Measuring the success on each platform will provide insights into the return on investment of each channel for each segment. The strategy can then be continuously adapted based on the insights discovered.
After identifying the right channels for the audience, they must be cross-pollinated. Linking all channels together makes it easier for customers to find content and for products and services to be promoted.
Overcoming Common Barriers to Multichannel Marketing
There are several common barriers that organisations face when integrating new channels into existing marketing strategies and processes. It is important to plan ahead in order to navigate these challenges, should they arise.
Lack of Collaboration
In organisations with team members responsible for different channels, there is a risk that they will operate independently. A lack of collaboration between teams means little integration across channels. It also makes it difficult to accurately measure the ROI for each channel as there will be no standardised processes for measurement. Thus, it is vital to make sure a unified approach is in place and that all teams are aligned. In addition, all team members must understand the brand identity and messaging that needs to be brought to each channel in order to ensure consistency.
When teams are operating separately as described above and are using their own tools to manage campaigns, their data may be stored separately, creating a series of data silos.
The problem with data silos is that data cannot be accessed in one place, making it difficult to analyse how each channel drives traffic, leads, and sales. There is no integrated view of the customer and their behaviour across channels, making it difficult to optimise. There is also the risk of making decisions based on incomplete data, which could lead to bad marketing strategies.
Of course, there are scenarios where data for each channel needs to be assessed separately. The problem is when they are not connected. Using a customer data platform allows companies to consolidate all their data into one centralised place that is accessible for all teams.
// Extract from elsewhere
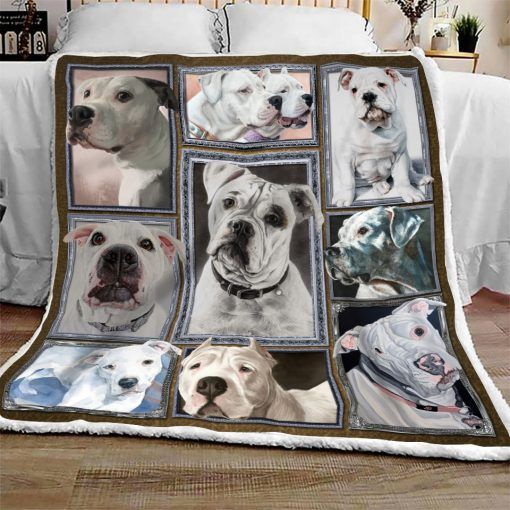 Dogo Argentino Sherpa Fleece Blanket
Incorporating New Channels into Existing Processes
When adding a new channel to the mix, it is important to ensure the correct processes are in place to support the additional workflows and that all the required staff are briefed on those processes. This can be challenging for large companies that have multiple brands.
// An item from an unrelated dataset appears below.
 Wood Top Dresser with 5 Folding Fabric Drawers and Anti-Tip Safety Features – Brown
Timeliness is another factor when it comes to adding new channels. If a quick response is needed to changes in trends, robust processes need to be in place to prevent bottlenecks.
Lack of Cohesion Between Marketing and IT Departments
A disconnect between marketing and IT departments stalls progress, especially when quick responses are needed due to industry development and new marketing technologies. In fact, 51% of marketers cannot react to new channels due to out-dated technology and 49% have to contact IT to do something as simple as edit their web content.
Establishing a common vision is a key step in aligning the two departments. Improving communication is another – this helps ensure that marketers can easily find out whether what they want to do is feasible within their existing architecture. In other scenarios, digital transformation may be the key to bridging the gap.
In order to be successful, businesses need to meet their customers where they are and provide a consistent experience across all channels. A multichannel marketing strategy can be the difference between struggling and thriving in an increasingly digital world. It provides a great opportunity to gain the competitive edge, especially since many companies are allegedly struggling to make their multichannel strategies work.
When it comes to creating a cohesive customer experience across all channels, businesses needs to ensure the messaging across channels is aligned, that content is tailored to each segment and that team members are knowledgeable about all of your channels and how they should be used. Customer feedback and analytics should be used in order to continuously improve the customer experience across all channels.